>>
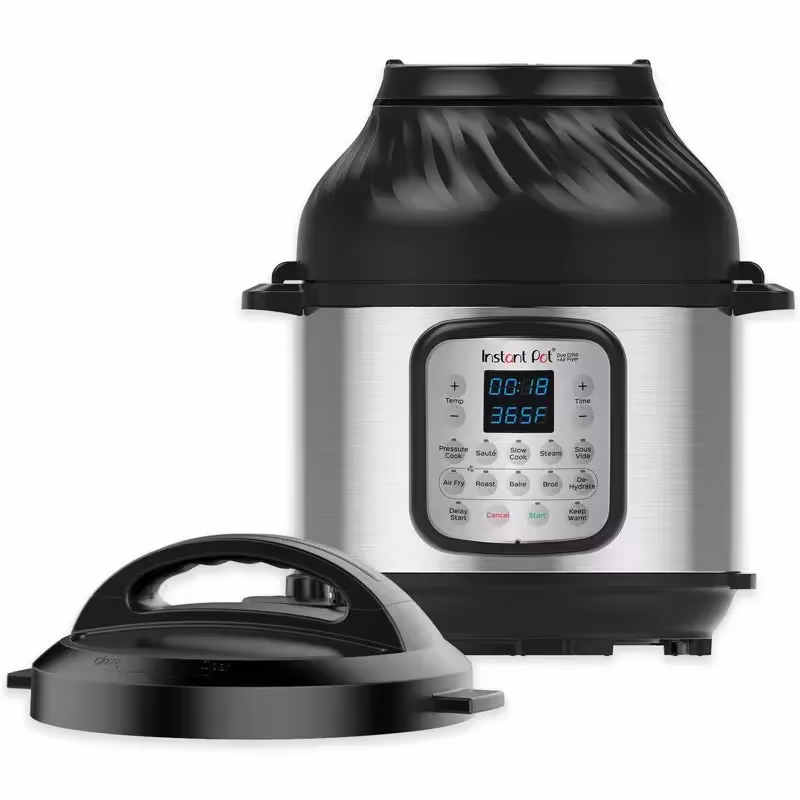 Instant Pot Duo Crisp 11 in 1 Air Fryer & Pressure Cooker, 8 Qt, Stainless Steel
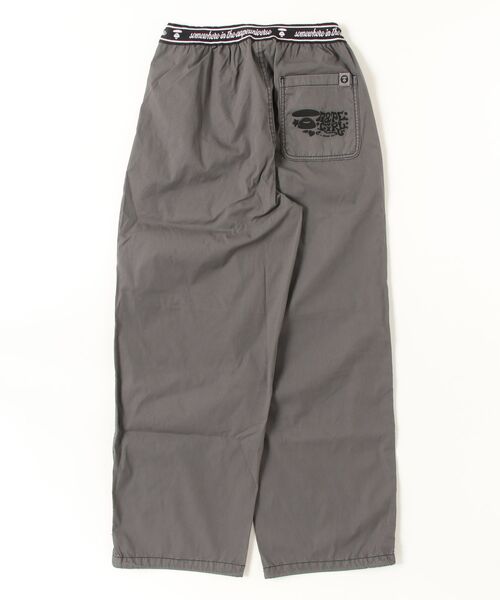 AAPE BY A BATHING APE（エーエイプバイアベイシングエイプ）の「AAPE MAIN WOVEN PANTS（その他パンツ・レディース・ライトブラック/アイボリー・XX-SMALL/X-SMALL/SMALL）」の12枚目の写真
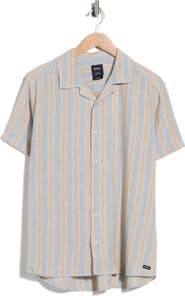 RVCA Beat Stripe Short Sleeve Button-Up Shirt
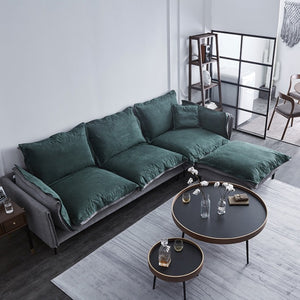 RUOMU dark green sofa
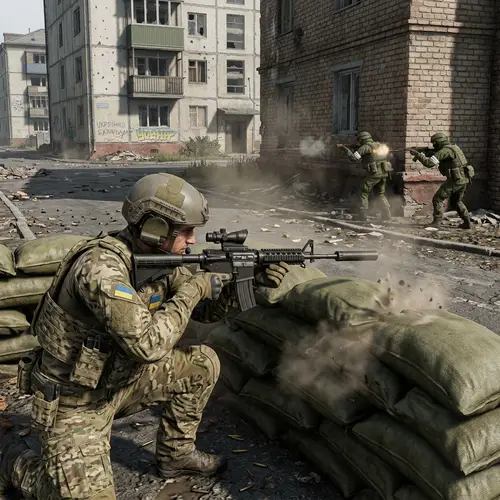 Soldier Shootout in Ukraine - Modern Tactical Gear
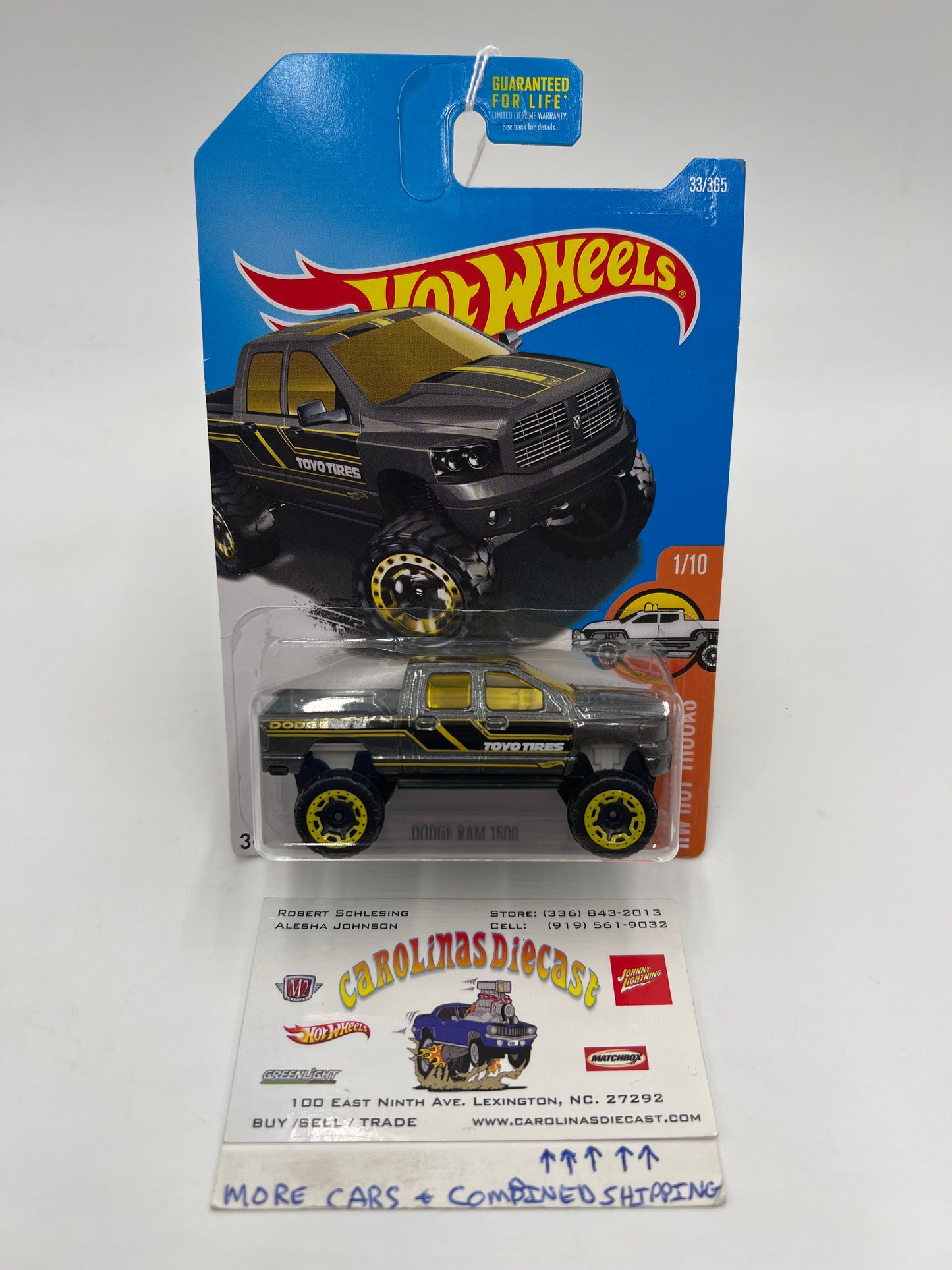 2017 Hot Wheels Hot Trucks #33 Dodge Ram 1500 Gray 38D
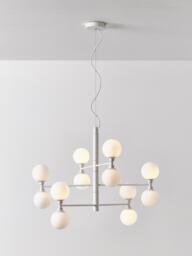 Large Pendant Light Grover with Opal Glass Balls - thumbnail 4
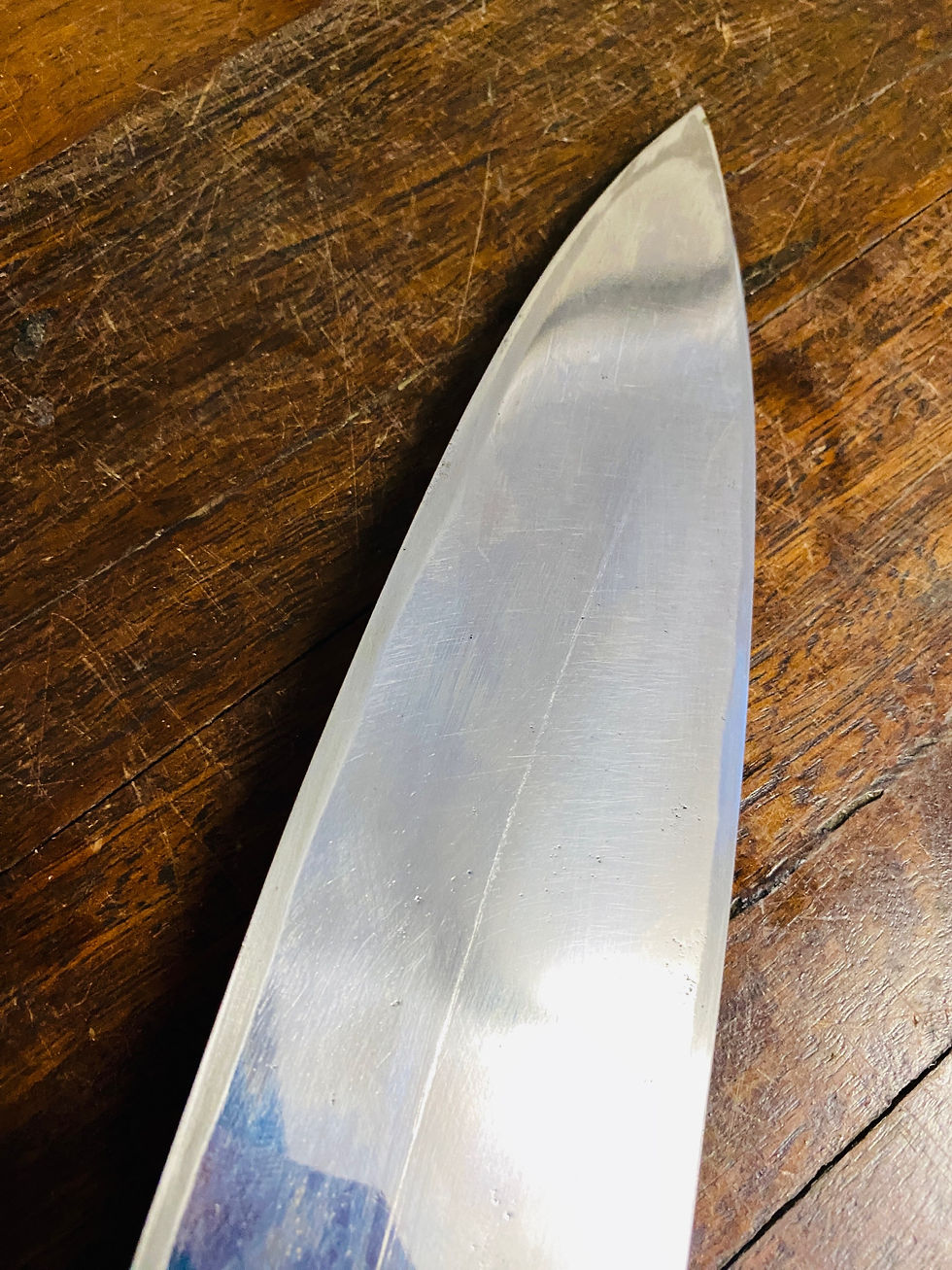 Thumbnail: Vintage Japanese lefty Deba 200mm “Masamoto”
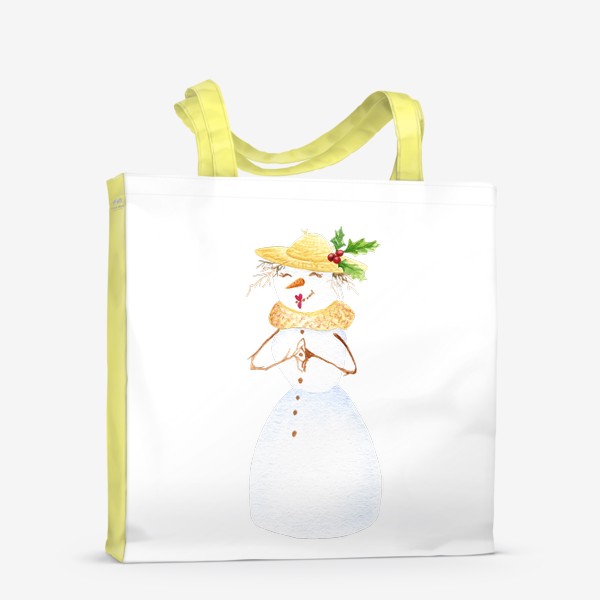 Сумка-шоппер «Снеговик Дамочка»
<<
EXERCISE PROMPT: Please write out exactly the lines from the one holding "RVCA Beat Stripe" through the last line of the material above, both included, as a copy without pictures.

RESPONSE AREA:
 RVCA Beat Stripe Short Sleeve Button-Up Shirt
 RUOMU dark green sofa
 Soldier Shootout in Ukraine - Modern Tactical Gear
 2017 Hot Wheels Hot Trucks #33 Dodge Ram 1500 Gray 38D
 Large Pendant Light Grover with Opal Glass Balls - thumbnail 4
 Thumbnail: Vintage Japanese lefty Deba 200mm “Masamoto”
 Сумка-шоппер «Снеговик Дамочка»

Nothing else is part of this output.